## DIRECTIONS
Reproduce the data below in full and exclude every picture.

## GIVEN DATA
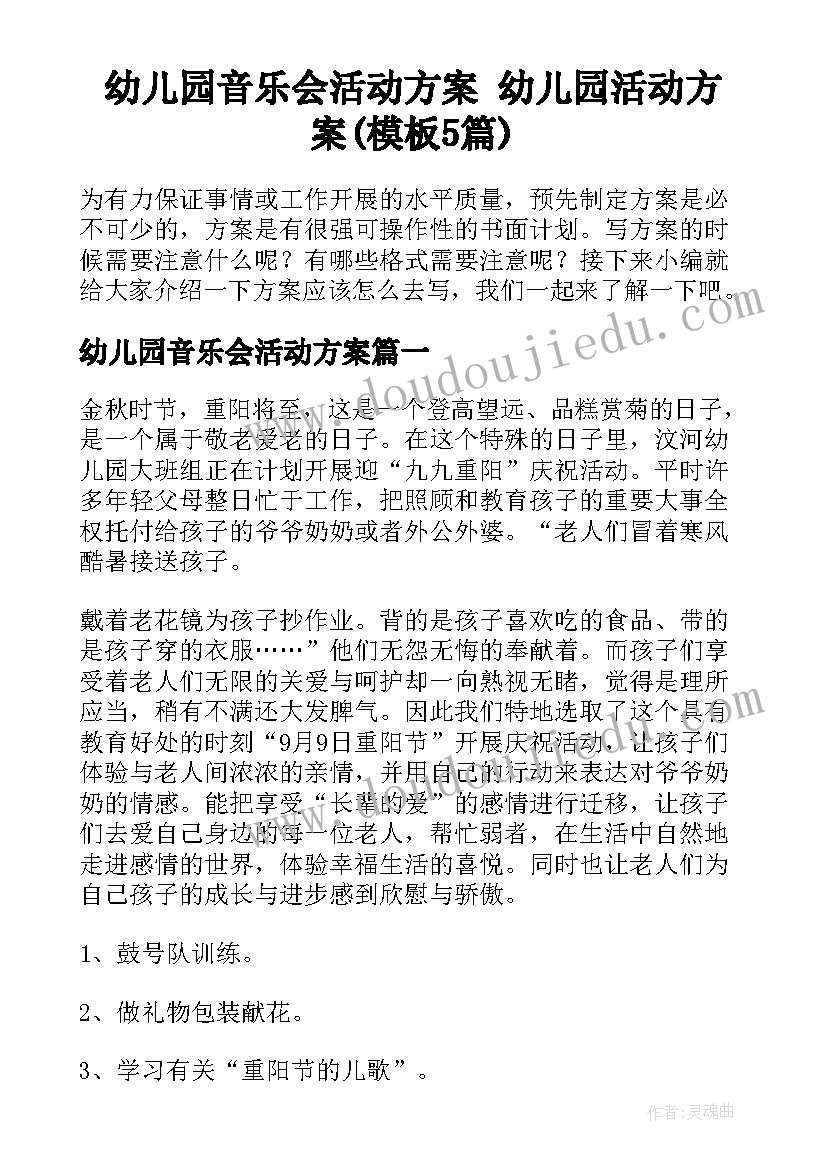 幼儿园音乐会活动方案 幼儿园活动方案(模板5篇)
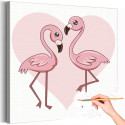 Пара влюбленных розовых фламинго Птицы Любовь Романтика Для девочек Простая Раскраска картина по номерам на холсте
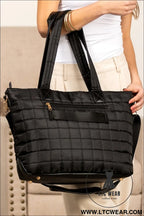 Black quilted patchwork large tote bag and clutch 2pcs set - black / one size / 100% polyester - handbags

## ANSWER BOX
 幼儿园音乐会活动方案 幼儿园活动方案(模板5篇)
 Пара влюбленных розовых фламинго Птицы Любовь Романтика Для девочек Простая Раскраска картина по номерам на холсте
 Black quilted patchwork large tote bag and clutch 2pcs set - black / one size / 100% polyester - handbags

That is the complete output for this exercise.